Yup, The 7518 is a fine unit I have to admit. I used on in a table a few yrs ago,but was forced to sell it off and never had the opportunity to get another one.Might check into that Bosch tho if my Ryobi ever dies


----------



## bobj3 (Jan 17, 2006)

Hi

I will 2nd. Mike's post but add the 7518 has a down fall they like to jam up all the time,that's to say the adjustment ring on the base , 7518 not made to work upside down all the time,,,, Ring,many just remove it in time if they use it in the router table most of the time..


===



Mike said:


> My PC 7518 works fine in a table although I do not care for the height adjustment. A plunge router is a much better choice. If PC product development was smart they would make a plunge base for this model... a 3-1/4 hp combo kit! B&D would never spend the money on product development.
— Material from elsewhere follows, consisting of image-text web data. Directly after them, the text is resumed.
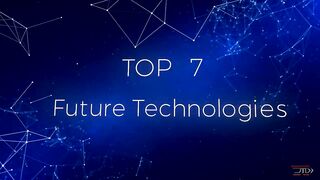 TOP 7 Emerging Technologies That Will Change Our World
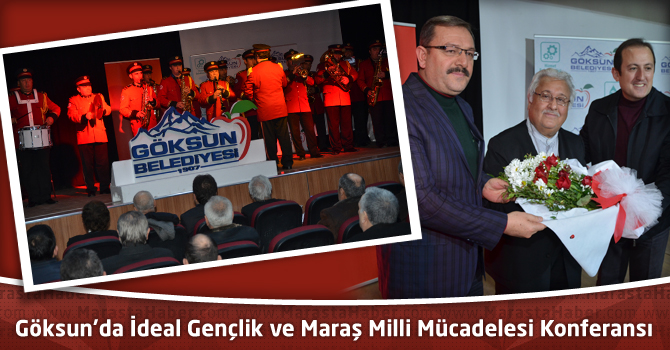 Göksun’da İdeal Gençlik ve Maraş Milli Mücadelesi Konferansı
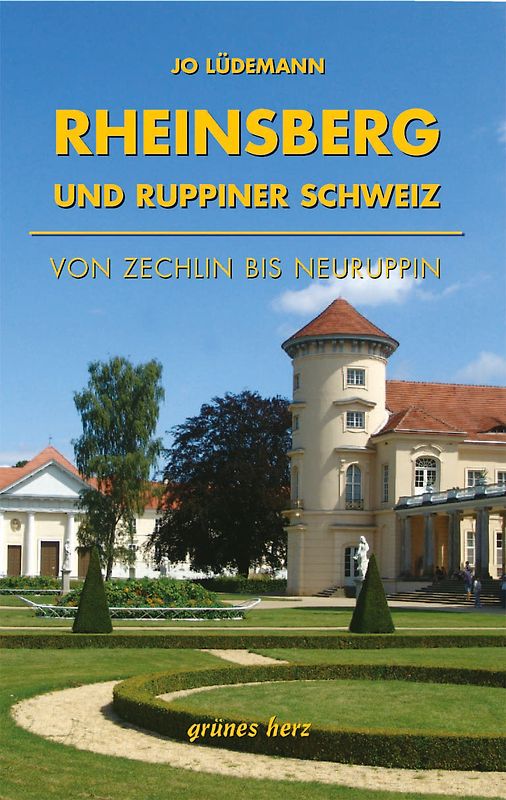 Reiseführer Rheinsberg und Ruppiner Schweiz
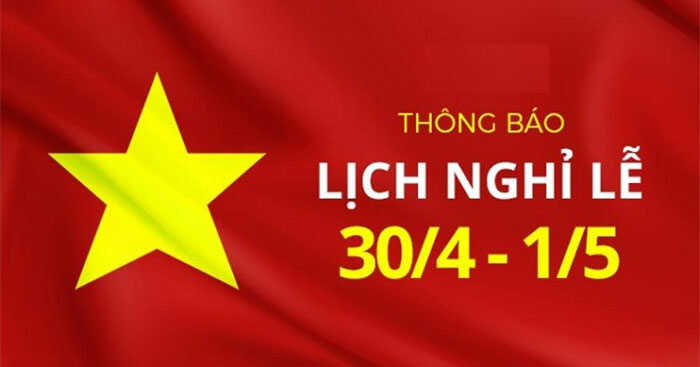 Mẫu Thông báo nghỉ 30/4, 1/5Mẫu thông báo nghỉ lễ 30/4 và Quốc tế Lao động 1/5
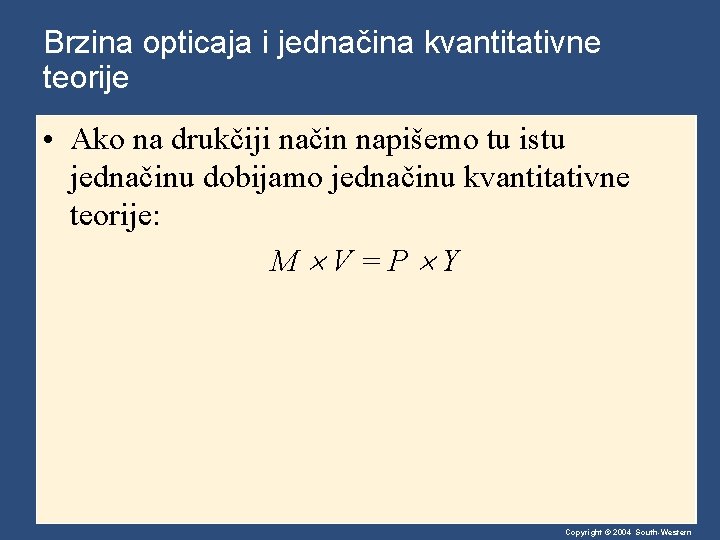 Brzina opticaja i jednačina kvantitativne teorije • Ako na drukčiji način napišemo tu istu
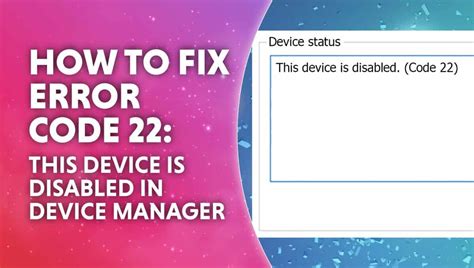 How to Fix Error Code 22 This Device Is Disabled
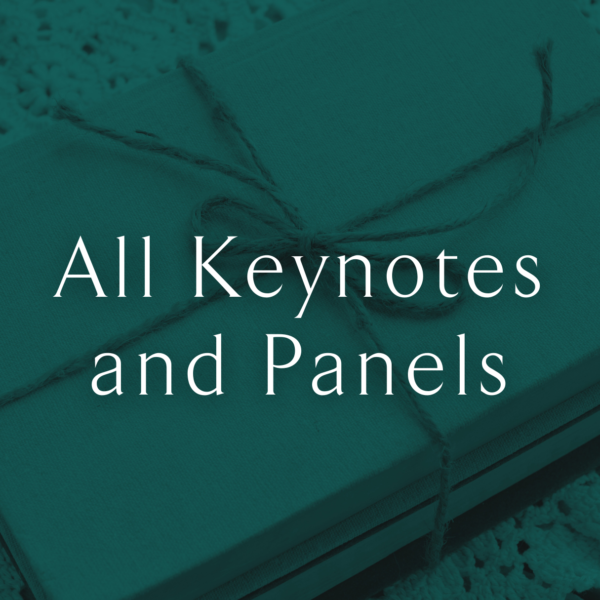 All Keynotes and Panels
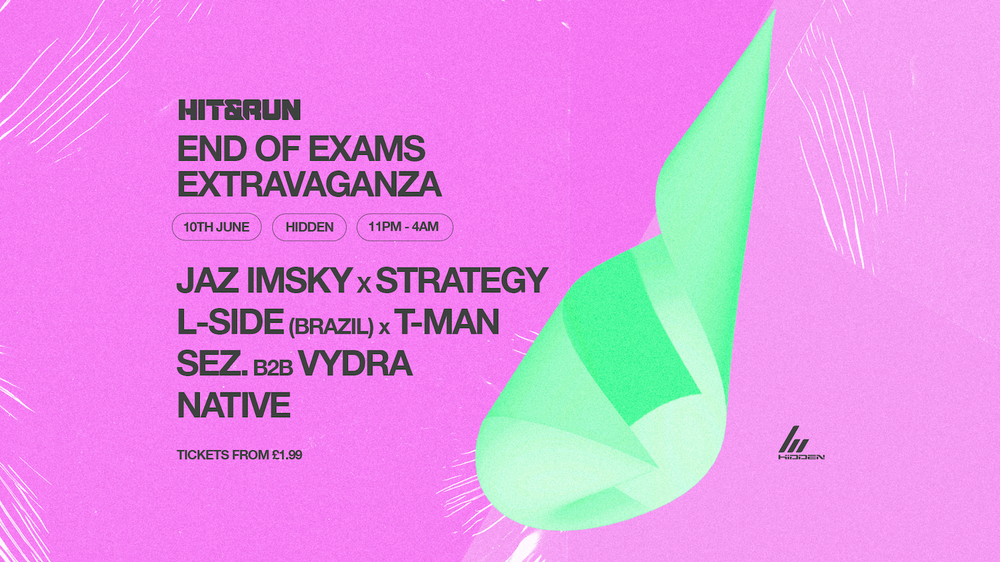 Flyer for Hit & Run: END OF EXAMS EXTRAVAGANZA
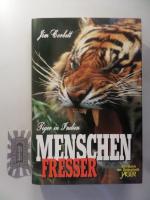 Menschenfresser. Tiger in Indien. Ein Buch der Zeitschrift JÄGER.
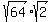 sqrt%2864%29+%2A+sqrt%282%29+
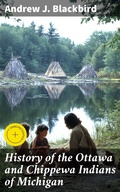 Cover: History of the Ottawa and Chippewa Indians of Michigan - Good Press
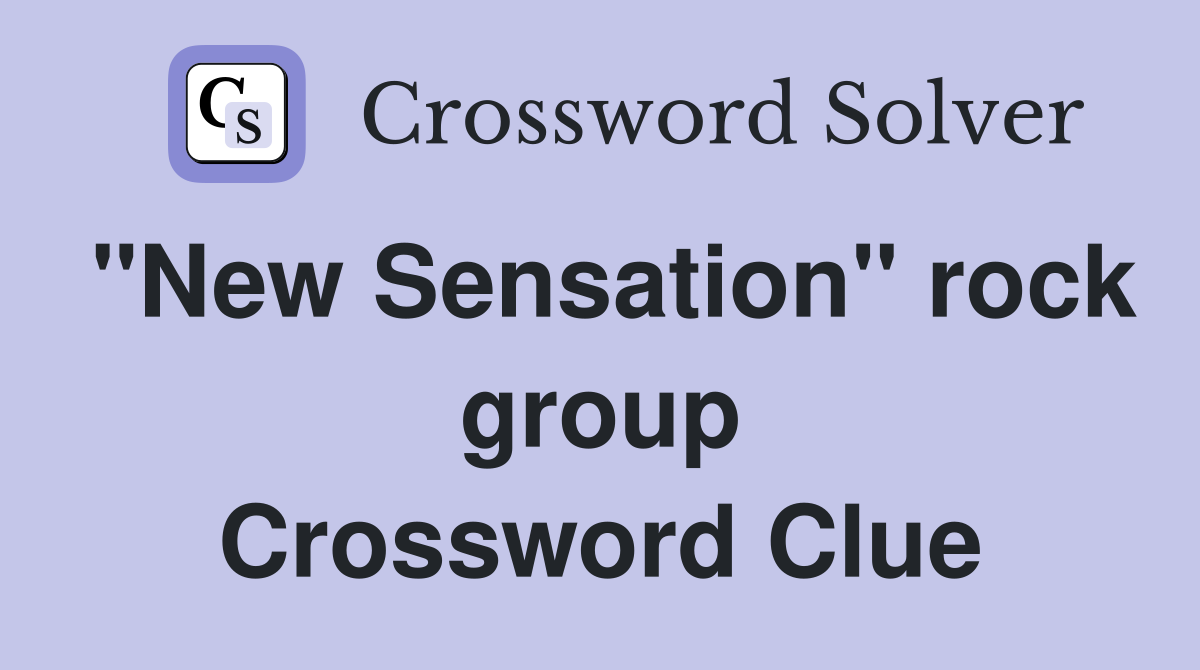 "New Sensation" rock group Crossword Clue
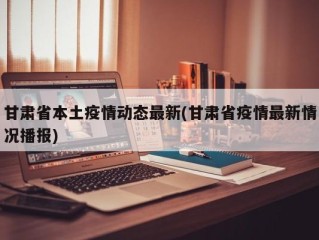 甘肃省本土疫情动态最新(甘肃省疫情最新情况播报)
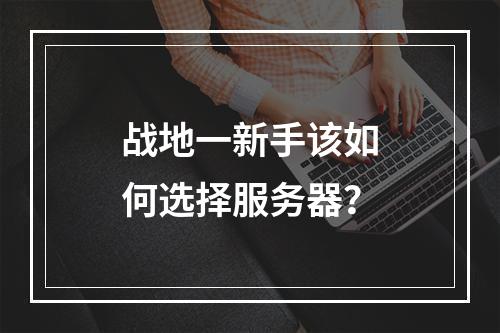 战地一新手该如何选择服务器?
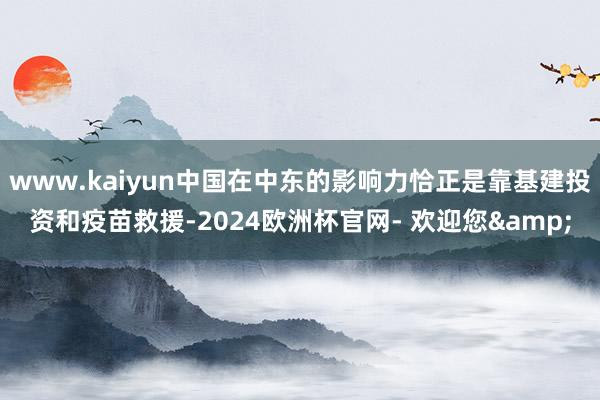 www.kaiyun中国在中东的影响力恰正是靠基建投资和疫苗救援-2024欧洲杯官网- 欢迎您&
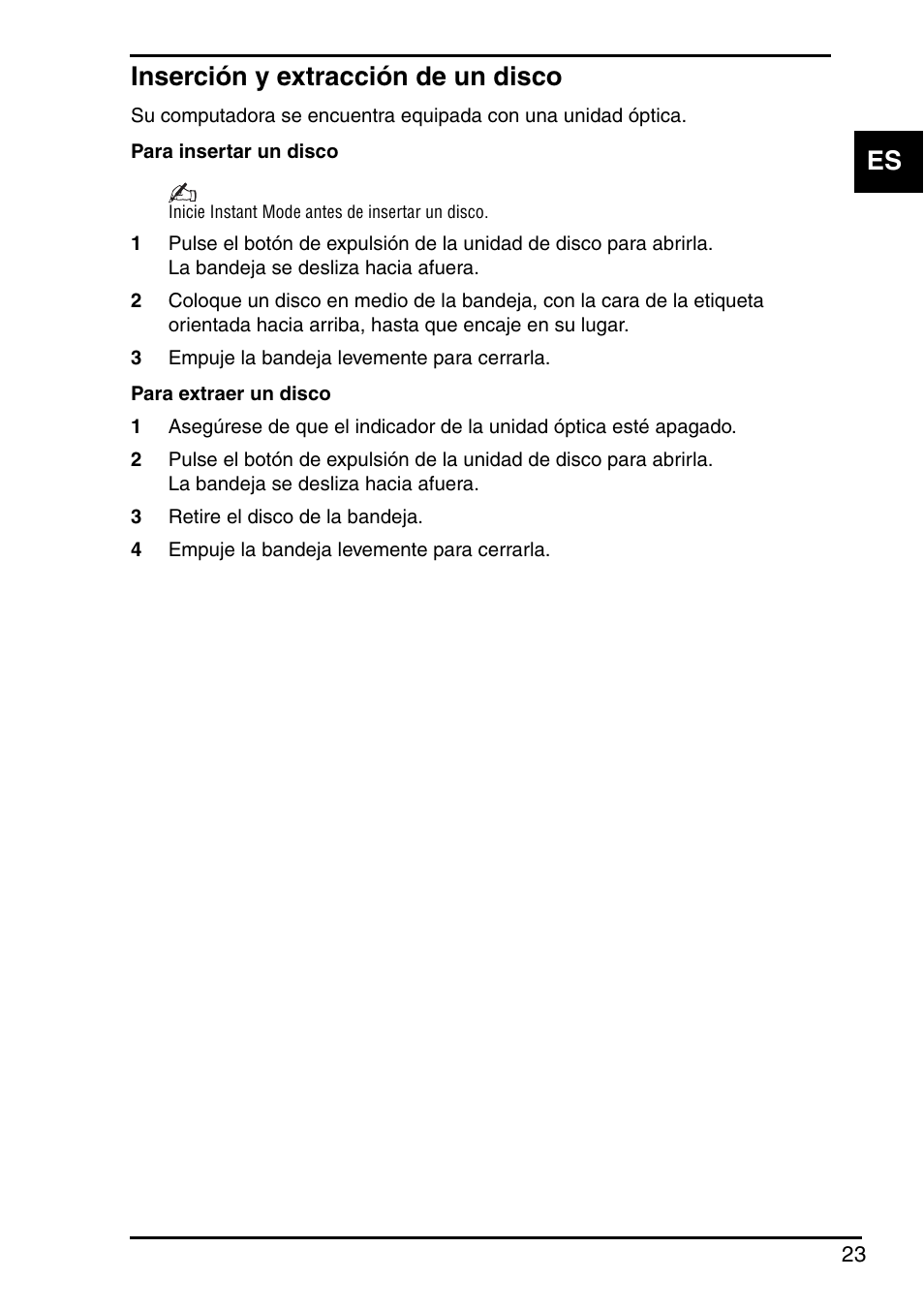 Inserción y extracción de un disco, Es inserción y extracción de un disco | Sony VGN-FZ250E User Manual | Page 25 / 68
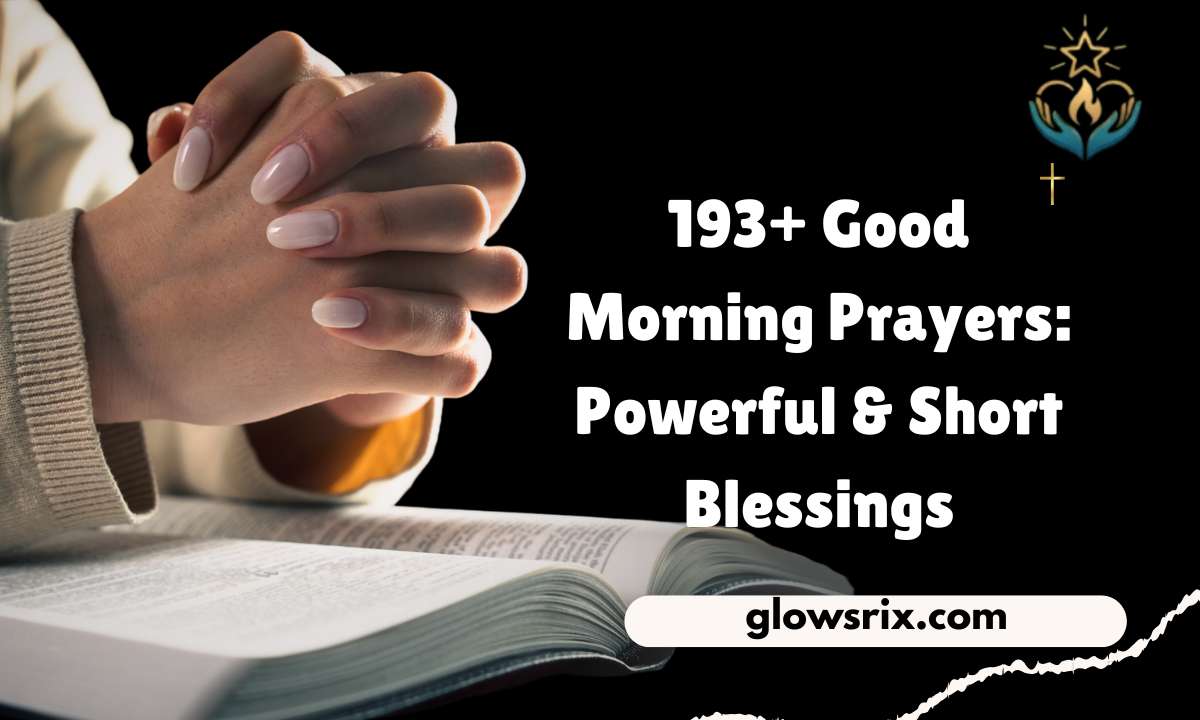 193+ Good Morning Prayers Powerful & Short Blessings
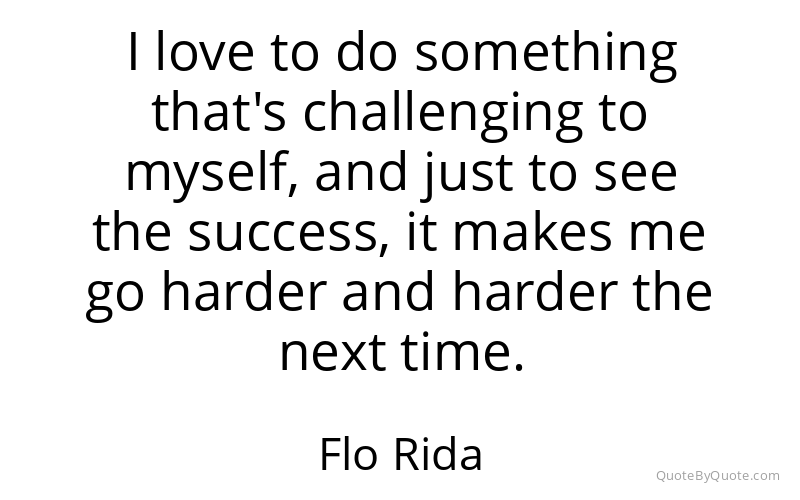 Preview image for this quote by Flo Rida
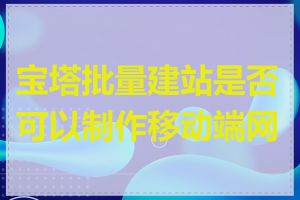 宝塔批量建站是否可以制作移动端网站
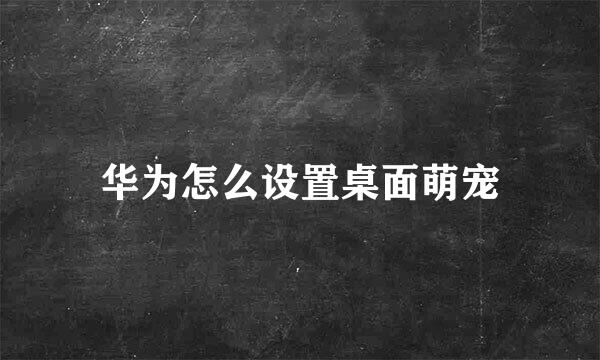 华为怎么设置桌面萌宠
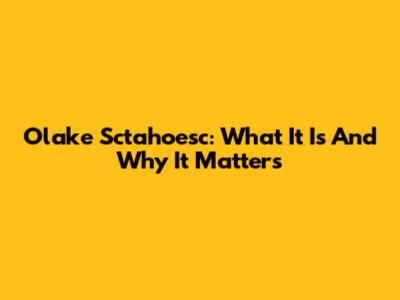 Olake Sctahoesc: What It Is And Why It Matters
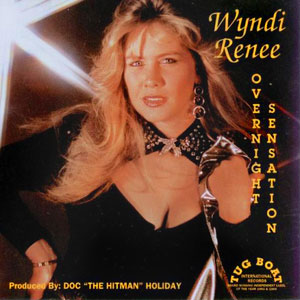 Overnight Sensation Wyndi Renee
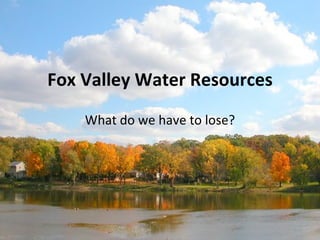 Fox Valley Water Resources What do we have to lose? 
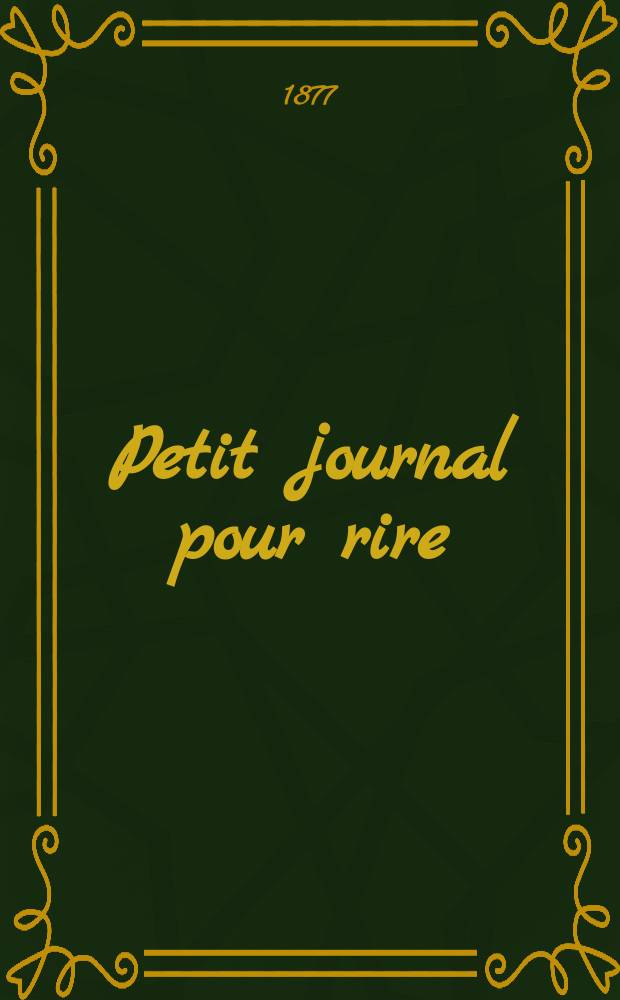 Petit journal pour rire : Aux bureaux du journal amusant, des modes parisiennes et de la toilette de Paris. 1877, №110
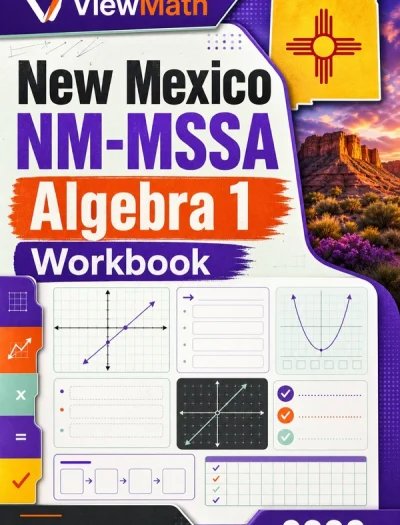 New Mexico NM-MSSA Algebra 1 Math Workbook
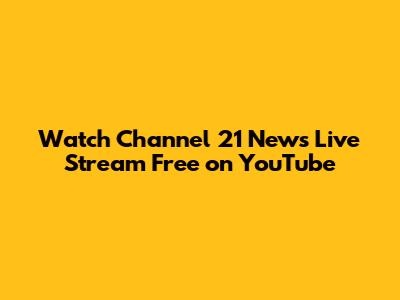 Watch Channel 21 News Live Stream Free on YouTube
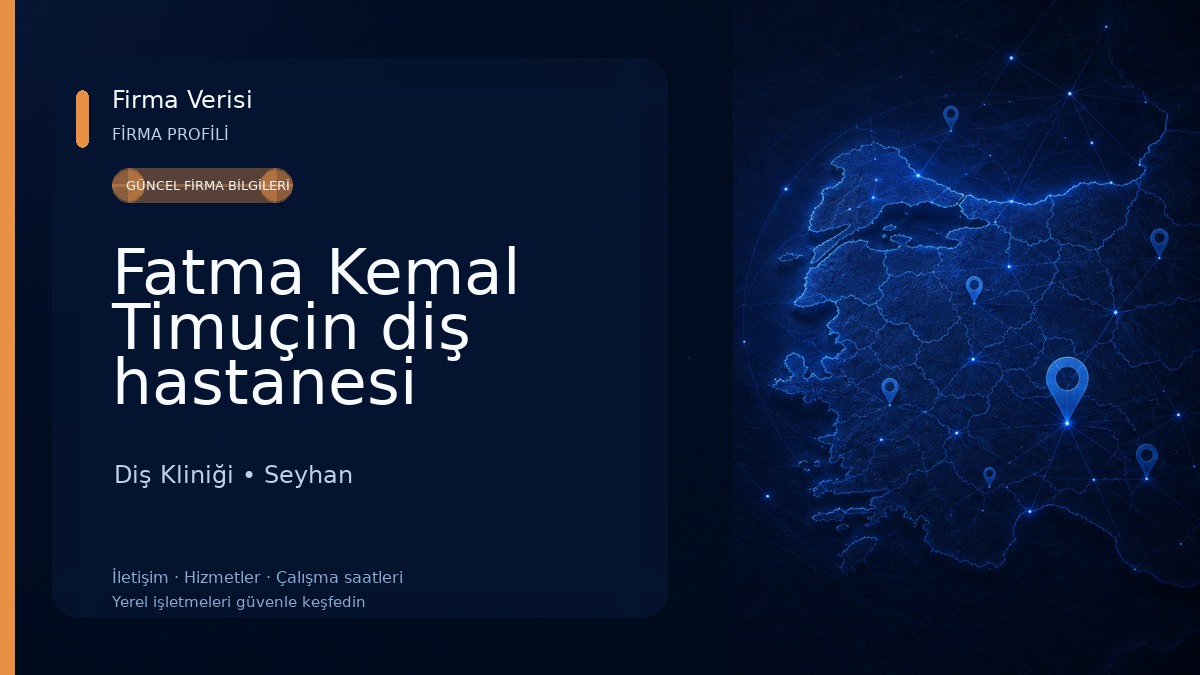 Fatma Kemal Timuçin diş hastanesi Seyhan semt polikliniği Diş Kliniği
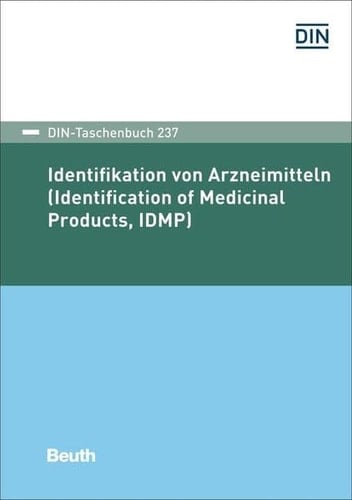 Identifikation von Arzneimitteln Identification of Medicinal Products (IDMP)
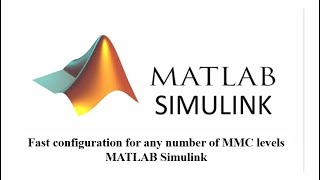 MMC converter with any number of levels MATLAB Simulink [upl. by Nayr577]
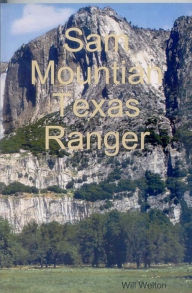 Title: Sam Mountian Texas Ranger, Author: Will Welton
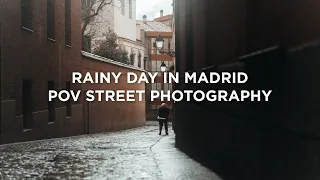 Rainy day in Madrid - POV Street Photography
Their goal was to destroy PC when they bought it and they have done a great job so far. I suggested to Bosch that they develop a 3-1/4 hp combo kit and they listened; who knows... perhaps they will follow through with this. That would be the best deal available.


----------



## woodrouterreviewsguy (Feb 21, 2012)

Yes, would be nice is there was a similiar Bosch model as you suggest.


----------



## RJM (Apr 11, 2010)

If I was going to use a router lift, I'd go with the PC 7518 - motor only. If I was going to mount a plunge router under a table, I'd go with the Bosch 1619EVS, or Triton TRB001 (this would be a tough choice).


----------